Irish writer Oscar Wilde changed the world. A member of the aesthetic movement that championed art for art's sake, he was known for his witty, baroque style in life as well as his novel "The Picture of Dorian Gray" and plays "The Importance of Being Earnest" and "Lady Windemere's Fan." Per Britannica, Wilde was born in 1854 in Dublin, Ireland, to literary parents. He studied at Trinity College and Magdalen College, Oxford where he established himself as a classical studies scholar and poet, winning the prestigious Newdigate Prize for his poem "Ravenna." As aestheticism took off with much controversy in 1880s London, Wilde became a celebrated member within the movement's social circles, self-publishing a book titled "Poems" and making his way to the United States and Canada to lecture, famously declaring nothing "but his genius" at customs in New York City. Wilde was often lampooned in the press for his flamboyant manners and style; Gilbert and Sullivan even based a character of a "fleshly poet" on Wilde in their comic opera, "Patience."

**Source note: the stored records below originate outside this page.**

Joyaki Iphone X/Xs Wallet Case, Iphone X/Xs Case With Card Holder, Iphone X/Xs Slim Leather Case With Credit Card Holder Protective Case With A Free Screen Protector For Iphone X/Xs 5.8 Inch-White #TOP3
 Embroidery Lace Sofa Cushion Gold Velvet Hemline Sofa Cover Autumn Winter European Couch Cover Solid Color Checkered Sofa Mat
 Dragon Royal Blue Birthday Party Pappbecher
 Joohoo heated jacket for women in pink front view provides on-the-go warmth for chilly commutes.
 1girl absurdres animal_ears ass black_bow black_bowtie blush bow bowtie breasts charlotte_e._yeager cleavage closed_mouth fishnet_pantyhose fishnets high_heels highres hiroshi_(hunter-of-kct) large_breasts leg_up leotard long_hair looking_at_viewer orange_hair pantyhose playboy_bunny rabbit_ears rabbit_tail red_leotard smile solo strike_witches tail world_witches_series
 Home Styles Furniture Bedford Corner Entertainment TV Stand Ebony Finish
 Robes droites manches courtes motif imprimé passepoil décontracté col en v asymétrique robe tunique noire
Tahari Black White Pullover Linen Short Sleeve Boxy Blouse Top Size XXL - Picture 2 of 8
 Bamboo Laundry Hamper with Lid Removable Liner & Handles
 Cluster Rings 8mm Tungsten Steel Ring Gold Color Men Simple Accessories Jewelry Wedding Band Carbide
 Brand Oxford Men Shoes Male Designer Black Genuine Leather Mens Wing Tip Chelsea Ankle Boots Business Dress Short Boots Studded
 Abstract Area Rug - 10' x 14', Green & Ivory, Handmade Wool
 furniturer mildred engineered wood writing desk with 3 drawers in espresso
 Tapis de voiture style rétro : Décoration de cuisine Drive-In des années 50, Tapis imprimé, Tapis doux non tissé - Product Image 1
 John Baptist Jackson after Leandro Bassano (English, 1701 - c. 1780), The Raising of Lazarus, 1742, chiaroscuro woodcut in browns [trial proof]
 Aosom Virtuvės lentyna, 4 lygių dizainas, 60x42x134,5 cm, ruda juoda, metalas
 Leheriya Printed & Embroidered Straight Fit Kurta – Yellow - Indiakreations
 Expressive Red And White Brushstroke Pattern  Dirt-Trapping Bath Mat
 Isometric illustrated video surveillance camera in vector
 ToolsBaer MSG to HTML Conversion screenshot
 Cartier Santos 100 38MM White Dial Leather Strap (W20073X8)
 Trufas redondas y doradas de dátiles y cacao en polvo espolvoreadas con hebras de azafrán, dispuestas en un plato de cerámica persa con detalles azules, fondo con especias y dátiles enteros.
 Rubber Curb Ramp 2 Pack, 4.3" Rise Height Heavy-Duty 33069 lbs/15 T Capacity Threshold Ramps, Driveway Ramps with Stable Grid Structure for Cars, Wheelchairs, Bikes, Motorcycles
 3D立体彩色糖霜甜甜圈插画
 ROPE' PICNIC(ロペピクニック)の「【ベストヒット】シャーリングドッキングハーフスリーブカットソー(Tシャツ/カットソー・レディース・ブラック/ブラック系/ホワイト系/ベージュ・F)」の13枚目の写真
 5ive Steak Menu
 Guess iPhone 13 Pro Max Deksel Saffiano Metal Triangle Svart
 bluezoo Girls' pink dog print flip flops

In 1884, Wilde married Constance Lloyd, and they soon had two sons — Vyvyan and Cyril. In 1891, Wilde's fame rose as he published his most well-known works, starting with his only novel, "The Picture of Dorian Gray," first serialized in Lippincott's Magazine in 1890 and expanded and published in book form in 1891.

Harrassment and persecution followed Oscar Wilde's success

Also in 1891, Oscar Wilde's first "society play", "Lady Windemere's Fan," premiered to great success. That year was also significant for Wilde because it was the one in which he met and began a romantic relationship with fellow writer Lord Alfred "Bosie" Douglas (shown above with Wilde), as reported by Biography. Sixteen years Wilde's junior, Douglas was the son of John Sholto Douglas, the Marquess of Queensberry, and known as a dandy with a decadent lifestyle. 

Further success came with the production of Wilde's "society plays," starting with "Lady Windemere's Fan" in 1892, "A Woman of No Importance" a year later, and 1895's "An Ideal Husband" and "The Importance of Being Earnest," per Britannica. In 1894, Douglas' father realized the nature of his son's relationship with Wilde and set out to destroy the writer. The Marquess insisted Douglas cut off contact with Wilde, and when Douglas ignored him, the Marquess became enraged. In this fury, he attempted to disrupt the premiere of "The Importance of Being Earnest" by presenting Wilde with a bouquet of rotting vegetables. When this failed, he visited Wilde's social club and left a card addressed "For Oscar Wilde, posing somdomite [sic]." Wilde responded by prosecuting the Marquess for libel. When he took the stand and was asked if the allegations were true, Wilde replied "There is no truth whatsoever in any of the allegations, no truth whatsoever." The Marquess was declared "not guilty" but Wilde was soon back in court, this time as a defendant. 

From the prosecutor to the prosecuted

During the Marquess of Queensberry's trial, his lawyer forwarded statements from young men who were to appear as witnesses to the director of public prosecutions. The day after the Marquess was declared not guilty, Oscar Wilde was arrested on charges of sodomy and gross indecency, as reported by Biography. Homosexuality between men was criminalized in Great Britain in 1885 and remained so until 1967, per the GLBTQ Encyclopedia. Wilde's criminal trial began on April 26, 1895; Wilde and Alfred Taylor, who was accused of procuring men for Wilde, faced 25 counts of gross indecencies. Several men testified that they'd had sex with Wilde, and most expressed regret. Wilde continued to plead not guilty and was released on bail after a jury couldn't agree on a verdict. 

A third trial began three weeks later, with the British government pushing for a verdict. This time, the jury found Wilde guilty on most counts against him. He and Taylor were sentenced to the maximum sentence — two years hard labor. Wilde's wife changed her and their sons' last names and moved to Holland to distance herself from the scandal. When Wilde got out of prison two years later, he was exhausted and bankrupt. He moved to France and wrote very little until his death from meningitis in 1900 at the age of 46.